(Beginning of Records for this exercise)

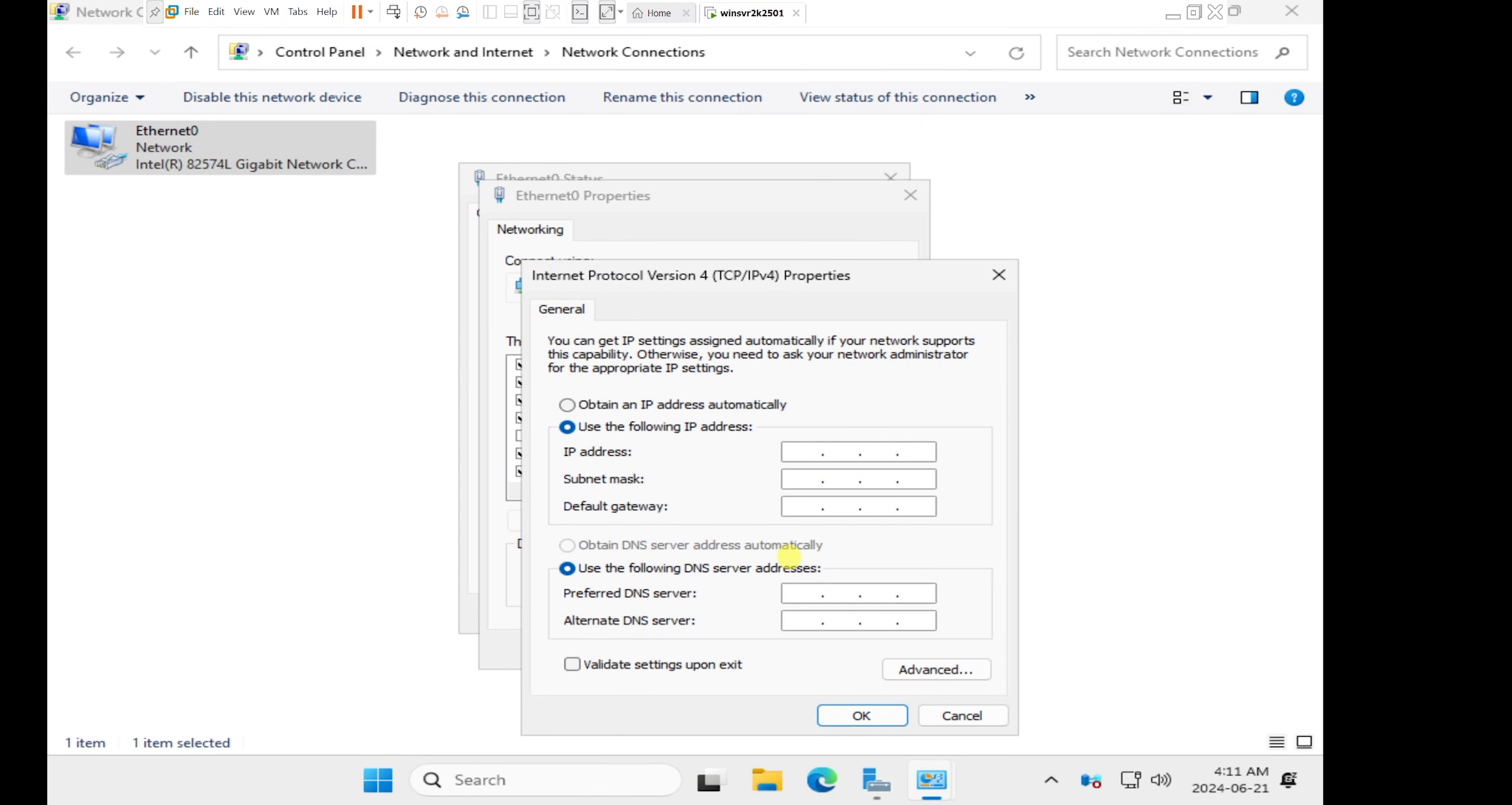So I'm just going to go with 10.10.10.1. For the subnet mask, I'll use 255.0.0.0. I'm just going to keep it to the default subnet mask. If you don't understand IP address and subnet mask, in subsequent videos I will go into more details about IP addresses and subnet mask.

(End of Records for this exercise)
(Beginning of Records for this exercise)

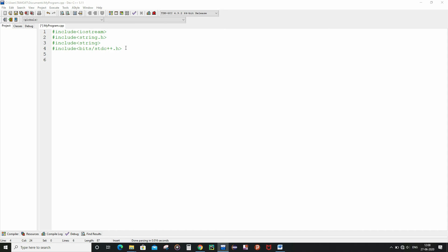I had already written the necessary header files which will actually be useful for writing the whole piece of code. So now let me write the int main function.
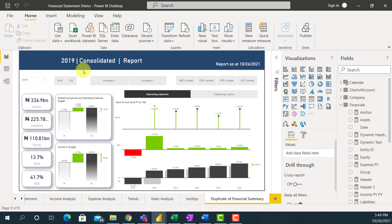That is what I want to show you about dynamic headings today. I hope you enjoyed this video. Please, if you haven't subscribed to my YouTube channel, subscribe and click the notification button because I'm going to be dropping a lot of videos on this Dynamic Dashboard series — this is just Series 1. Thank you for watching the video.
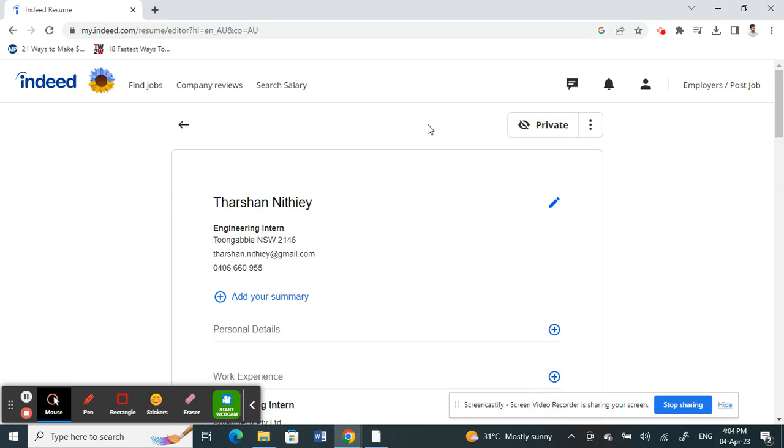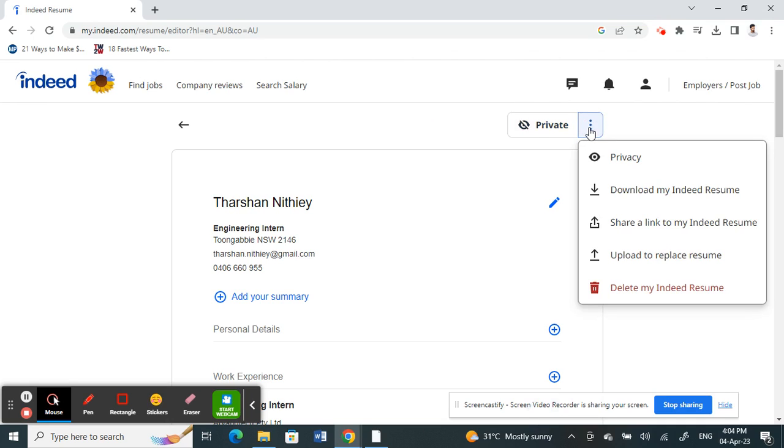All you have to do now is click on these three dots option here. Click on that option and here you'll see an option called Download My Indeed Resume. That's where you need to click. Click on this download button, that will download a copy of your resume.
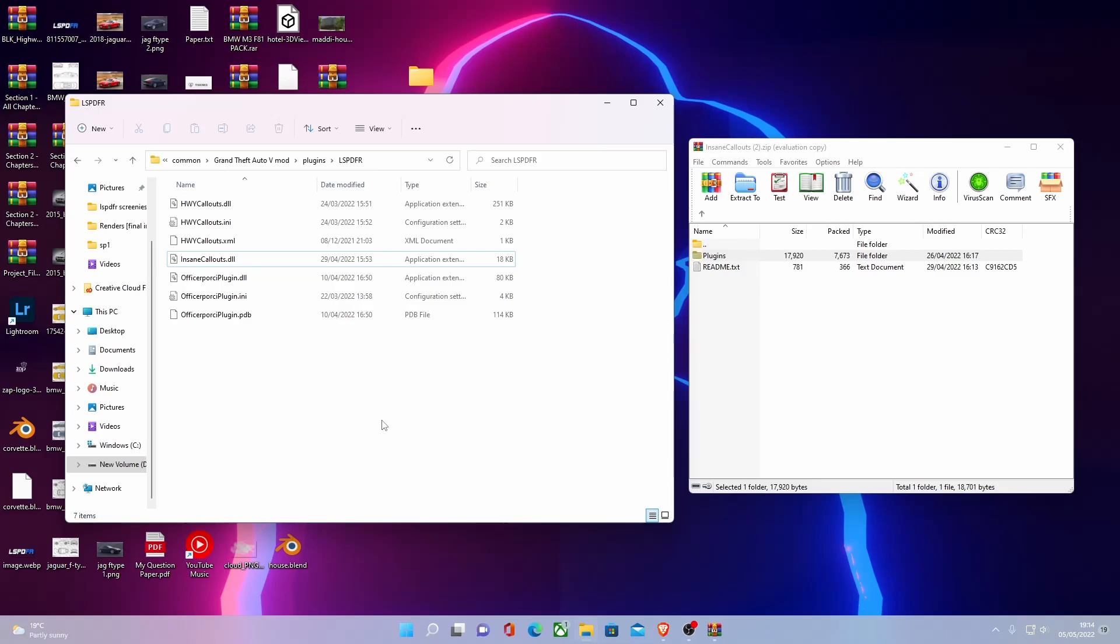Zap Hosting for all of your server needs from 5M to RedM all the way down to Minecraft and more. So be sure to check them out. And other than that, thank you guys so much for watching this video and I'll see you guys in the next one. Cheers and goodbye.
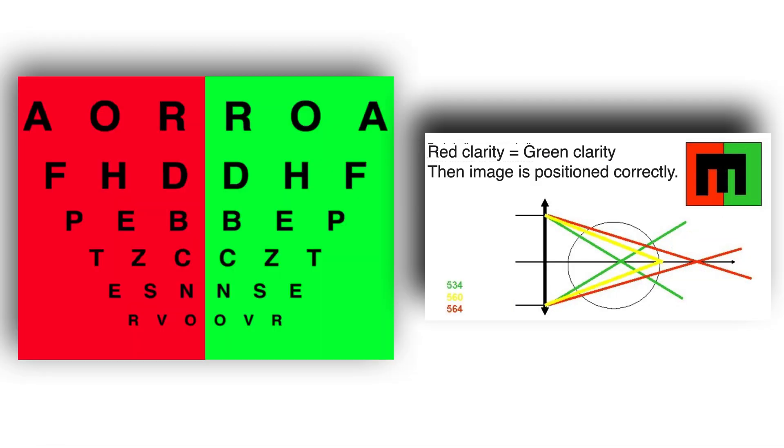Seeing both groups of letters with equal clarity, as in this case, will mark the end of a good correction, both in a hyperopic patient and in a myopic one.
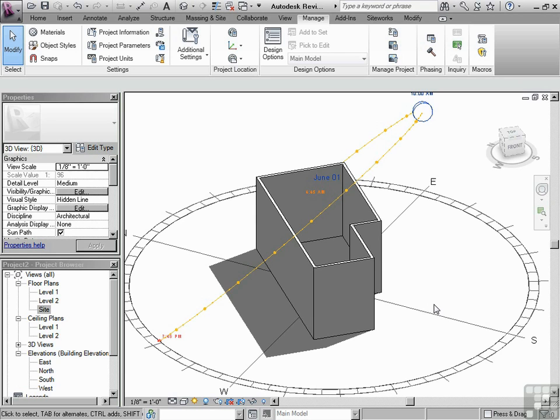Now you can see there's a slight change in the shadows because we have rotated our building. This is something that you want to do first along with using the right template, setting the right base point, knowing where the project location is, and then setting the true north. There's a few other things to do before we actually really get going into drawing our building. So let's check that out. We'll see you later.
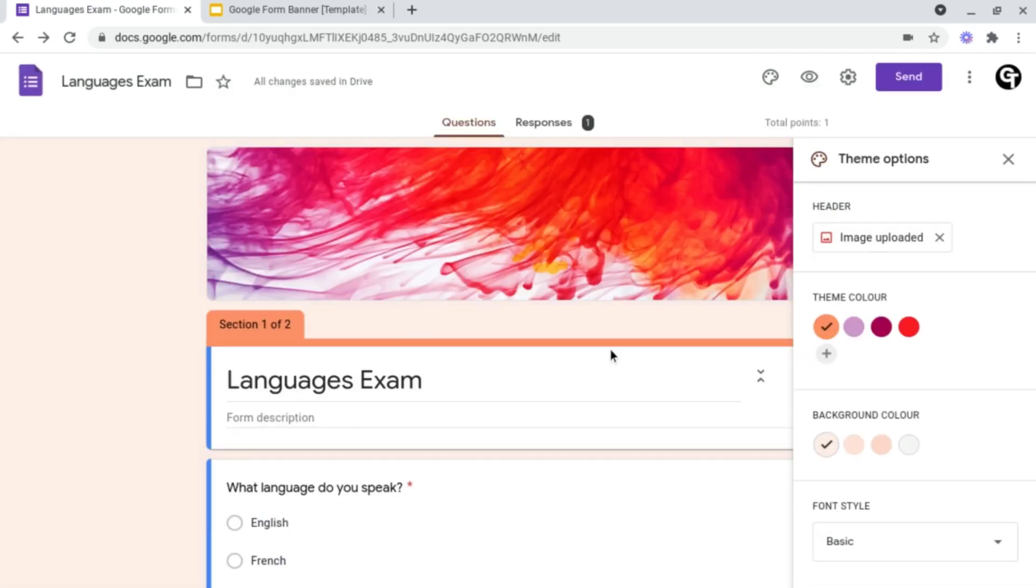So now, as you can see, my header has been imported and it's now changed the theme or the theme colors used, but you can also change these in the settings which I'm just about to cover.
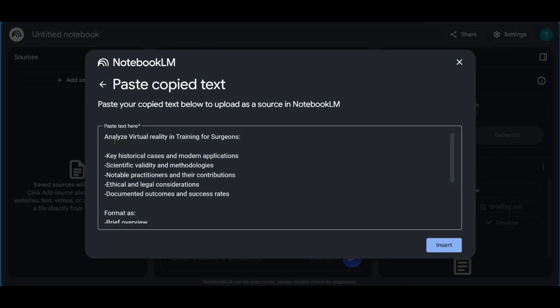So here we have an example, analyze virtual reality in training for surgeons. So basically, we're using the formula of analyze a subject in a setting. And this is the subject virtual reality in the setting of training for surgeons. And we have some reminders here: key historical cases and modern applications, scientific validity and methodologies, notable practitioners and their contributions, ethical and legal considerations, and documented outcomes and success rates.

(End of Records for this exercise)

Required work: Exactly the lines starting at the one above with "That is what" and ending at the one with "Zap Hosting for" should be printed, and nothing else. Omit the pictures.

Task output:
That is what I want to show you about dynamic headings today. I hope you enjoyed this video. Please, if you haven't subscribed to my YouTube channel, subscribe and click the notification button because I'm going to be dropping a lot of videos on this Dynamic Dashboard series — this is just Series 1. Thank you for watching the video.
All you have to do now is click on these three dots option here. Click on that option and here you'll see an option called Download My Indeed Resume. That's where you need to click. Click on this download button, that will download a copy of your resume.
Zap Hosting for all of your server needs from 5M to RedM all the way down to Minecraft and more. So be sure to check them out. And other than that, thank you guys so much for watching this video and I'll see you guys in the next one. Cheers and goodbye.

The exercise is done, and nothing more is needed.